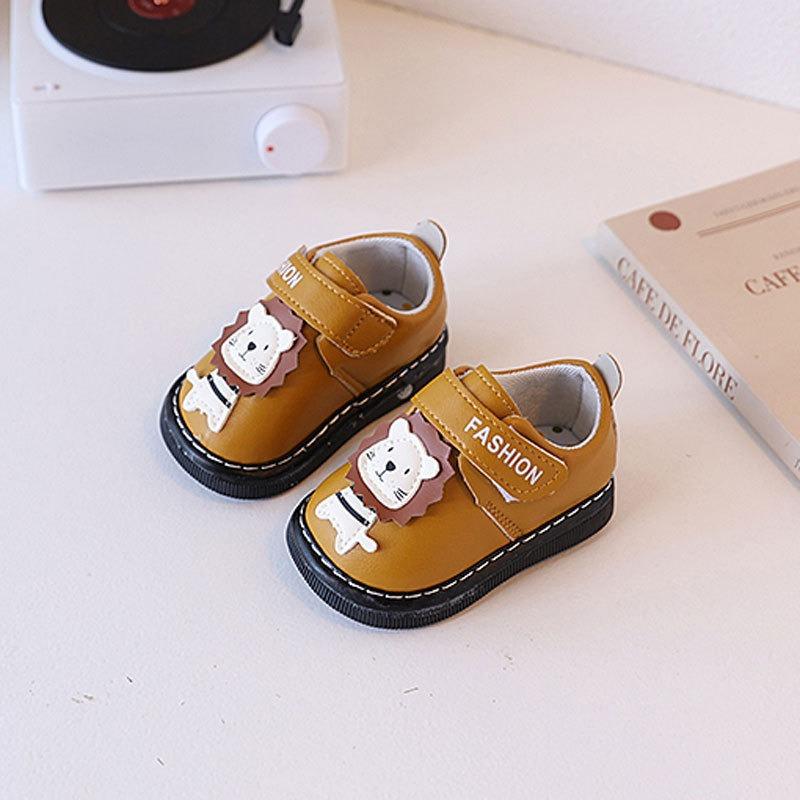 

Spring/Autumn Shoes for Baby Girls 0-1-2 Years Old, Soft-Soled Walking Shoes for Toddler Boys, Leather Infant Squeaky Shoes. 20 дубильна кора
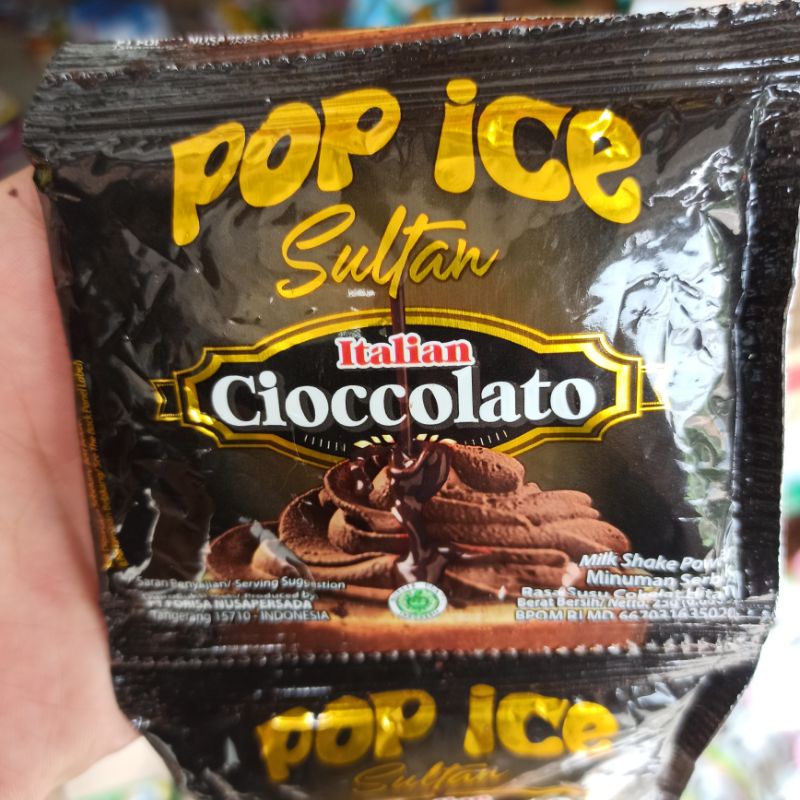 

Pop Ice Sultan Italian Cioccolato Susu Cokelat Hitam Minuman Serbuk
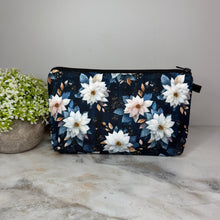 Load image into Gallery viewer, Pouch - Christmas - Blue White Floral
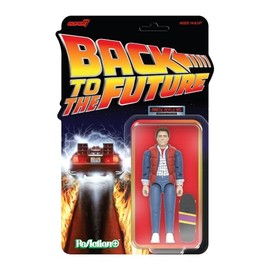 Super7 Reaction+ Back to the Future Marty McFly (1985) - 3.75" Back to the Future Action Figure with Accessories - Classic '80s Movie Collectibles and Retro Toys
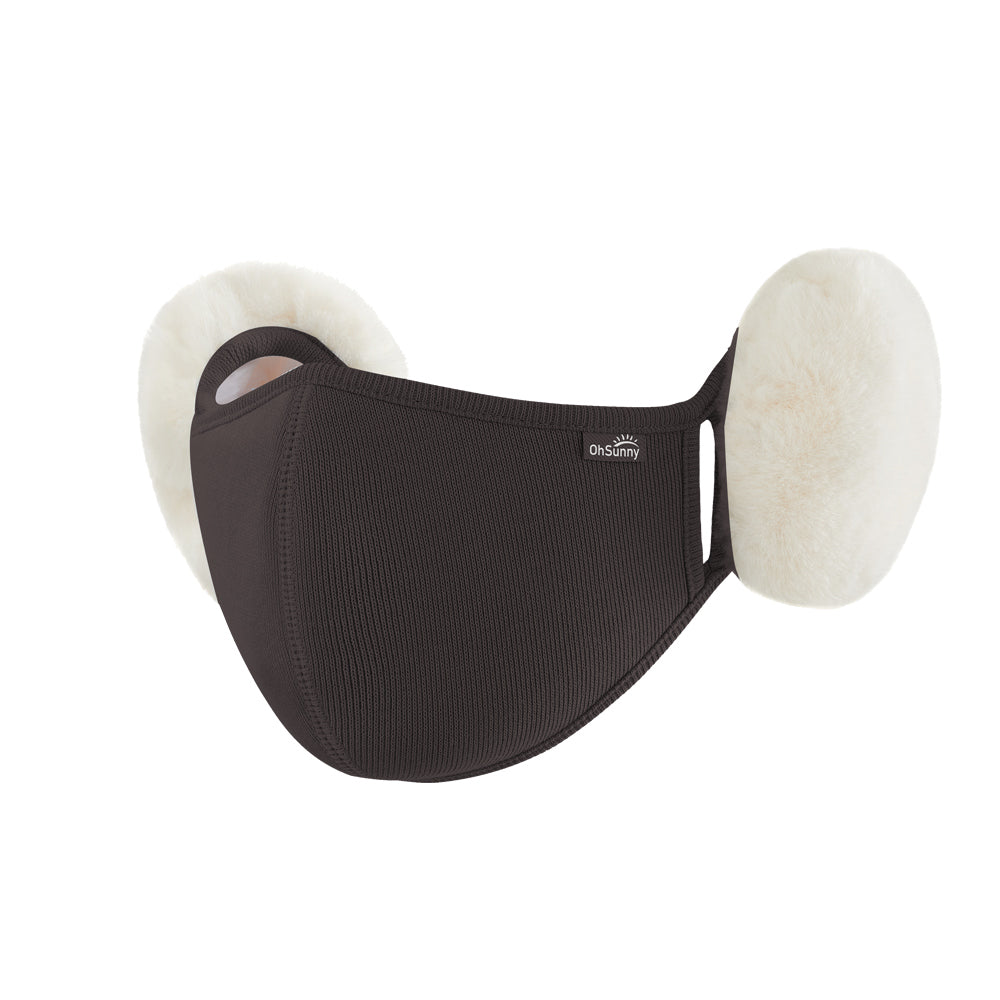 US Stock Women's Warm Mask Balaclava Face Cover with Earmuffs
☆ ☆ ☆ ☆ ☆
**TASK STATEMENT:**
Set down the data exactly as it appears, without any images.

**TASK ANSWER:**
Spring/Autumn Shoes for Baby Girls 0-1-2 Years Old, Soft-Soled Walking Shoes for Toddler Boys, Leather Infant Squeaky Shoes. 20 дубильна кора

Pop Ice Sultan Italian Cioccolato Susu Cokelat Hitam Minuman Serbuk
 Load image into Gallery viewer, Pouch - Christmas - Blue White Floral
 Super7 Reaction+ Back to the Future Marty McFly (1985) - 3.75" Back to the Future Action Figure with Accessories - Classic '80s Movie Collectibles and Retro Toys
 US Stock Women's Warm Mask Balaclava Face Cover with Earmuffs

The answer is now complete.